The debate yesterday centred on the magnitude of the cut by the Fed rather than on whether the US central bank would decide on further easing today. Some investors were hoping for a cut of 50 basis points but strong durable goods orders in November could tip the balance in favour of a smaller cut.
The Spanish blue-chip Ibex 35 closed the session up 1.69 percent at 13,246.60 after trading in a range of 13,309-13,050 points. The Madrid general index added 1.71 percent to 1,434.27. Open-market deals in the continuous market amounted to EUR 3.9 billion.
In the rest of Europe, Frankfurt added 1.09 percent, Paris put on 1.92 percent, while London was up 1.40 percent.
Among the builders, Sacyr added 6.08 percent, Ferrovial put on 4.00 percent, while FCC climbed 3.23 percent. The performance of smaller construction group OHL merited special mention. Its share price climbed 9.37 percent after it announced it had won a major contract in Qatar.

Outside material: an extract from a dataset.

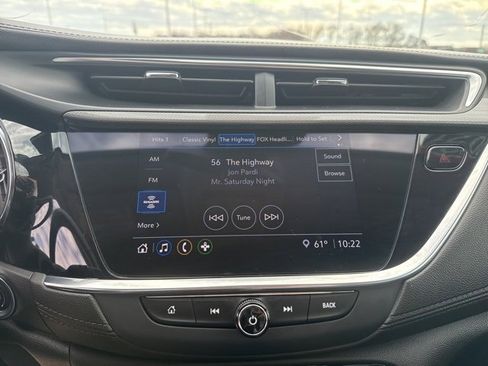 Used 2021 Buick Encore GX Preferred w/ Cold Weather Comfort Package image 24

Budget airline Vueling was another of the session’s features. After confirmation that its leading shareholder is in talks with rival carrier Clickair, Vueling’s share price soared 22.21 percent.
Among the banks, Bankinter added 5.00 percent, while the two biggest lenders Santander and BBVA were up 0.58 percent and 1.85 percent respectively. Telefónica added 1.39 percent.